The Ireland I saw in Dublin was a team full of enthusiasm. They conceded a goal in the opening minute and then they really risked it because just a few seconds before the Irish equaliser, the Georgians hit the post and scored an offside goal.

“Basically, in the space of seconds, Ireland went from being almost 0-2 down to equalising. But that’s football now, you can lose against any team these days. In the end, the real Ireland emerged, that is a team which has some very good players, guys like (Aiden) McGeady and (Damien) Duff on the flanks. This is a side full of physically strong players, like the centre forward (Kevin) Doyle. All in all, this is a good side that merits plenty of respect.”

Asked by The Irish Times if he had noticed the “hand” of his erstwhile colleague Trapattoni at work, Lippi replied: “You can see the hand, the foot and the head of Il Trap at work in this side.”
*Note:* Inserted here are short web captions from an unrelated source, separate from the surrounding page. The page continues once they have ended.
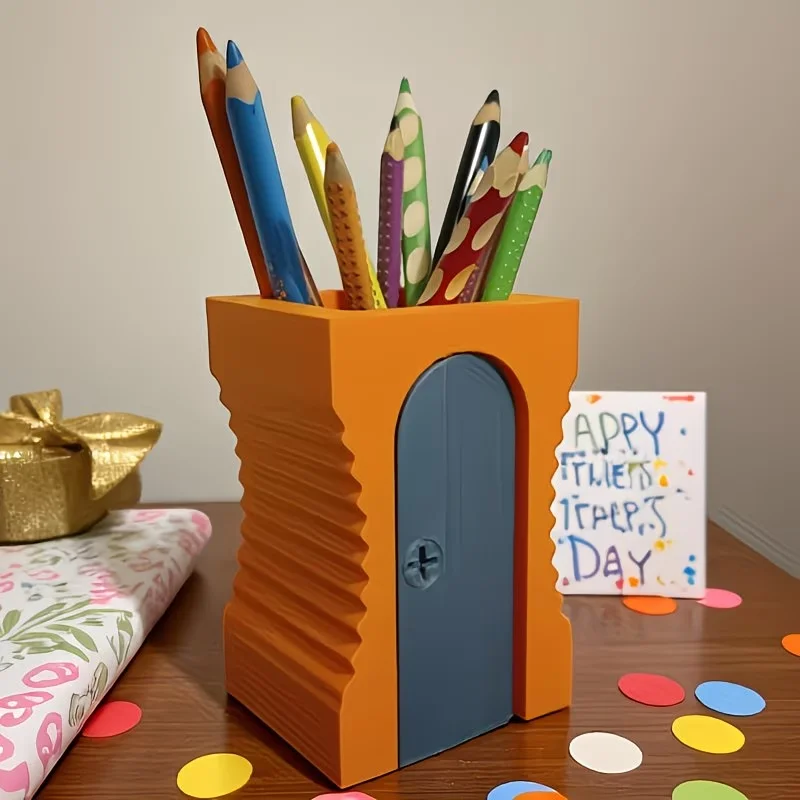 Organisateur d'affûteurs de crayons, porte-stylos et crayons amusant pour enseignants, peintres et artistes, décoration de bureau unique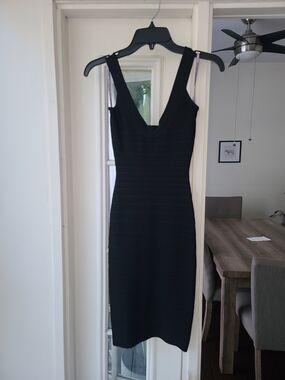 Herve Leger Black Round Neck Midi Bandage Dress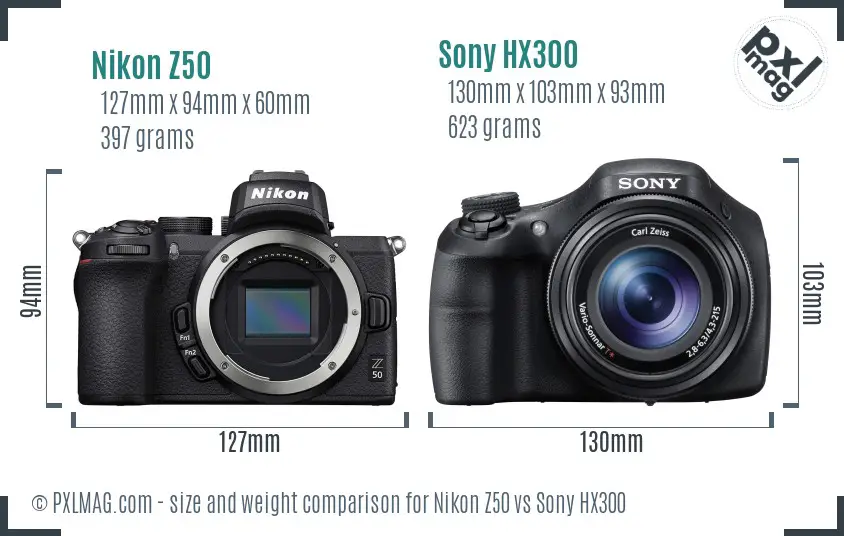 Nikon Z50 vs Sony HX300 size comparison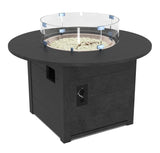 A round black resin fire pit table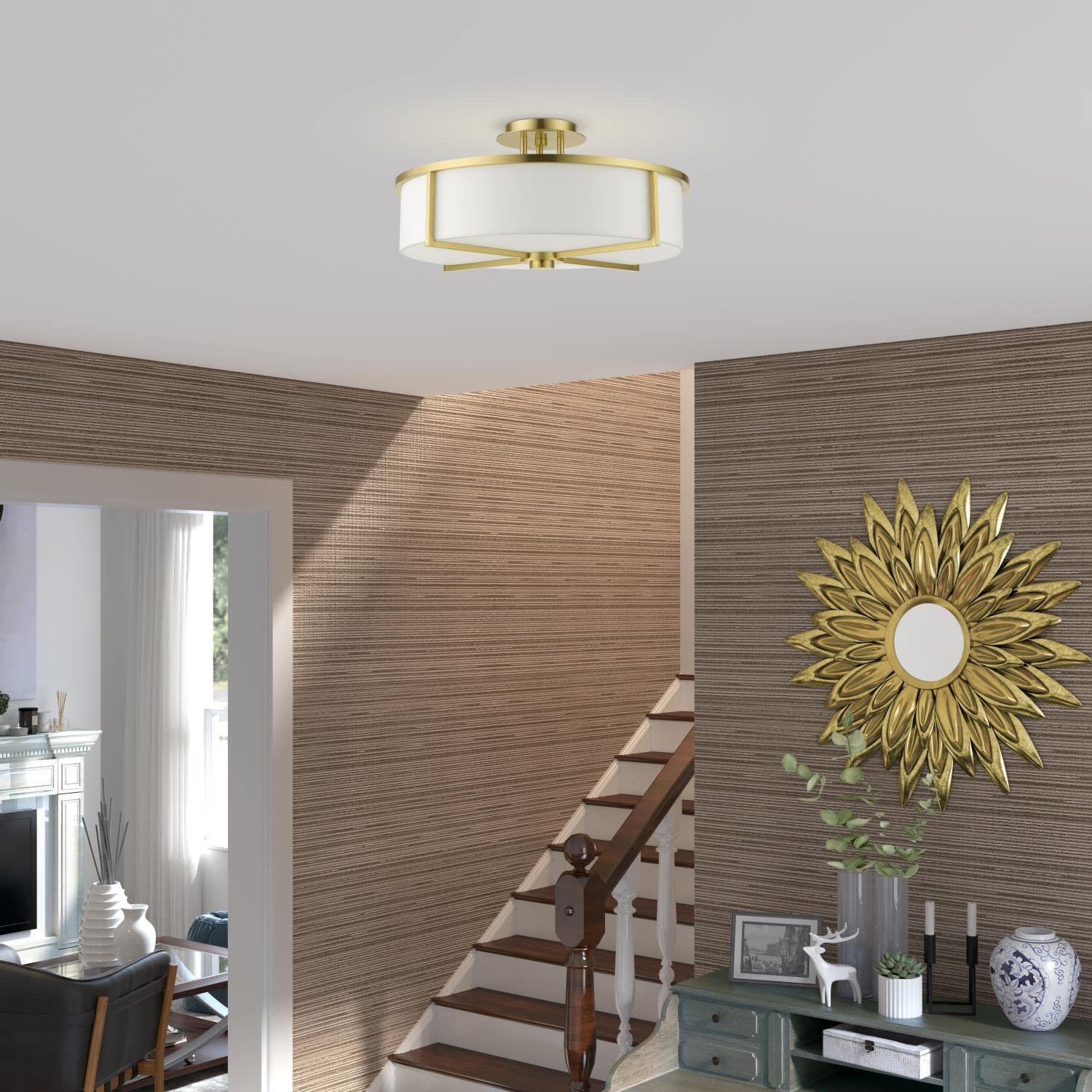 Livex Lighting Wesley 4 - Light Semi-Flush Mount in  Satin Brass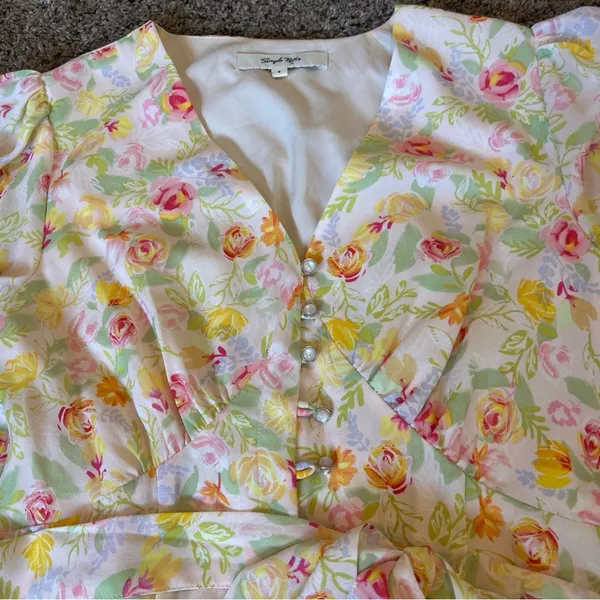 Simple Retro Womens Kora Floral Maxi Dress With Faux Pearl Buttons Sz Small - Image 4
Lippi argues the qualifier against Ireland comes at a psychologically delicate moment of the season when at club and country level, results may prove to have long-term implications: “This is an important month not just for Italian football but for all European football. We’re now at the cup tie stage of the Champions League, an elimination and March can mean that for some clubs the whole season has been a total failure. And right in the middle of this come these World Cup qualifiers.”

Win, lose or draw against Ireland, Lippi takes great pride in the fact an Italian colleague will be sitting in the manager’s seat of the opposing team. Asked about the current standing of Italian football, he replied: “For so long, the Anglo-Saxon world has looked down its nose at Italian football and tended to jeer us and yet, just look, the current coach of England is an Italian, while you have Trapattoni in Ireland. I think that speaks for itself and answers your question.”

Looking forward to the Ireland game, Lippi said it was much too early to speculate about his ideal lineout for the Bari encounter for the good reason that the match was still one month away and that before meeting Ireland, Italy first have a difficult away game against Montenegro in Podgorica.

Lippi, who led Italy to World Cup triumph in Germany three years ago, confirmed yesterday he was glad to be back at the helm of the Italian side, having taken over from Roberto Donadoni immediately after last summer’s European Championship finals in Austria and Switzerland. Looking back on his decision to resign as Italy coach immediately after the Germany World Cup, he said that within one month of giving up the job, he realised he had made a huge mistake. Life without football was just too boring.